Sarah Merrill, who scrapped a low-traffic neighbourhood in west Greenwich last week, complained that too many people lobby her on cutting car use in the borough, before getting in their vehicles themselves.
She spoke as Victoria Rance, a campaigner from the Stop the Silvertown Tunnel Coalition, asked her how the borough expected to achieve its climate emergency target of cutting car use by 45 per cent by 2030 if it continued to support the tunnel and had scrapped its only low-traffic neighbourhood. Rance suggested setting interim targets to monitor the council’s progress.
“There’s an awful lot invested in targets, but what everyone needs to do is get out of their cars,” Merrill told last Thursday’s council meeting.
“There are an awful lot of people who lobby me, and then they get in their car, and that can be said of all areas across the borough.”
Government targets for switching to electric cars would still lead to congestion, she said.
“I want to do proper measures, I want to include the community in that, and I want to I need the various lobbies, including the cycling lobby, to give me volunteer time to man school walking buses, for example,” Merrill – who is married to Neil Robertson, the co-ordinator of Greenwich Cyclists – said.
“I’m going to start saying to a lot of lobby groups – put your money where your mouth is. We need volunteers for these projects and we need to get these cars off the road.”
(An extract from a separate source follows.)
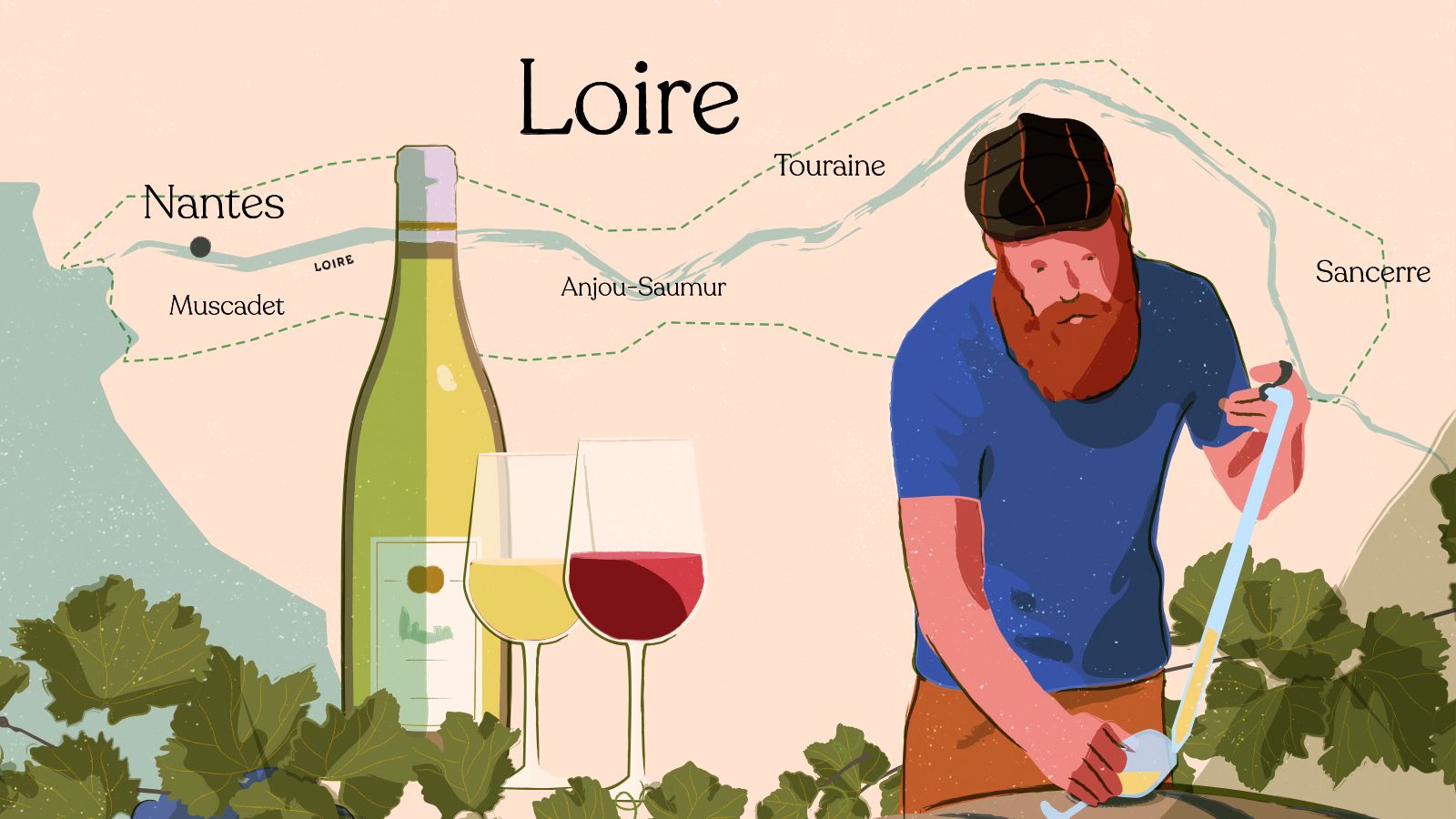 ロワールのテロワール：多様性に富んだ銘醸地 | Taste France Magazine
Unusually, Merrill was pressed on this by a Labour councillor – Aidan Smith, who represents Greenwich West, where the low-traffic neighbourhood was scrapped. Labour councillors usually refrain from asking critical questions because of the risk of party sanctions.
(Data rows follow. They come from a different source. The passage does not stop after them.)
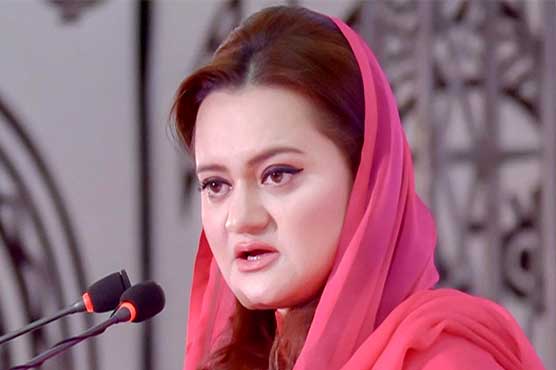 PML-N leader suggests PM to visit entire Punjab instead of only touring Lahore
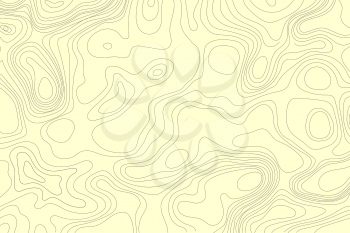 Topographic map of the terrain. Vector illustration .
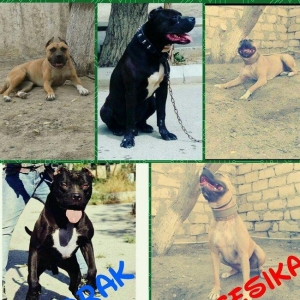 Temiz paroda pitbull balalari satilir. Bakida taninmiw temiz qan pitbu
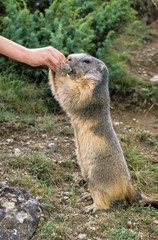 Marmotte des Alpes, Marmota marmota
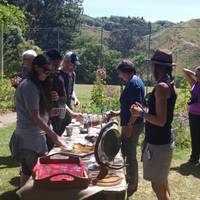 Station Life In Rural New Zealand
“We’re removing an LTN that’s proven to cut traffic. You mentioned school walking buses, but what other measures will the council take to cut traffic by 45 per cent over eight years?” he asked.
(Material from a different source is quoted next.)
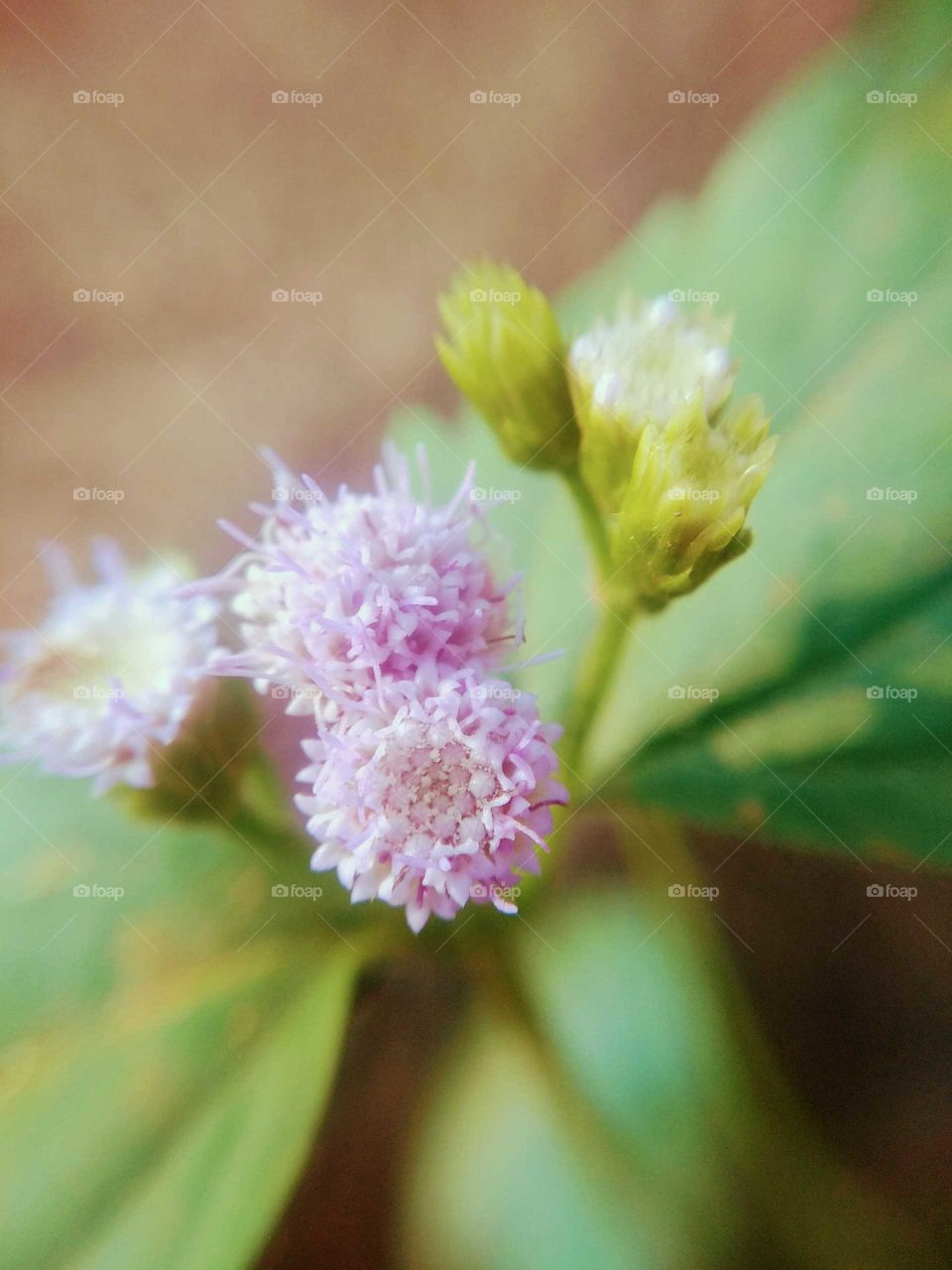 hugging and affection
School traffic was a “massive contributor” to congestion, Merrill said, “so I can’t belittle the importance of that, but I can only address it if I get a lot of volunteers.”
The council was also looking at dealing with freight traffic with “last mile” delivery hubs, Merrill added.
“At the end of the day, it’s incumbent on all of us in Greenwich to stop using our cars,” she said.
“Somehow, I’ve got to get communities to buy into that idea so they don’t feel so punished.”
While Merrill dismissed setting interim targets for cutting car use, Greenwich & Woolwich’s Labour MP Matt Pennycook called for just that in his response to the scrapping of the low-traffic neighbourhood.
“To relieve pressure on local arterial roads in the years ahead the council needs to bring forward, as a matter of urgency, a credible plan, with measurable interim targets, for achieving the 45% reduction in car use by 2030 it has committed to in its carbon neutral plan,” he said on social media.
He called for “clarity in relation to the precise reasons that the Council has opted to remove the scheme – not least because residents will want to know that the forthcoming alternative LTN traffic scheme for west Greenwich will be judged on the basis of objective criteria”.
“We need a firm timeline for the process of developing the promised alternative LTN traffic scheme for west Greenwich and undertaking a fair, accessible, transparent, and inclusive consultation with local residents about it,” he added.
“The risks associated with excessive traffic and dangerous driving in an area with many narrow streets that is home to two schools will return with a vengeance once the scheme is withdrawn. The process of developing an alternative solution cannot be kicked into the long grass.
“Any alternative LTN scheme for west Greenwich must form part of a wider traffic reduction strategy encompassing all the communities between the upper and lower roads, from Greenwich through to Woolwich.”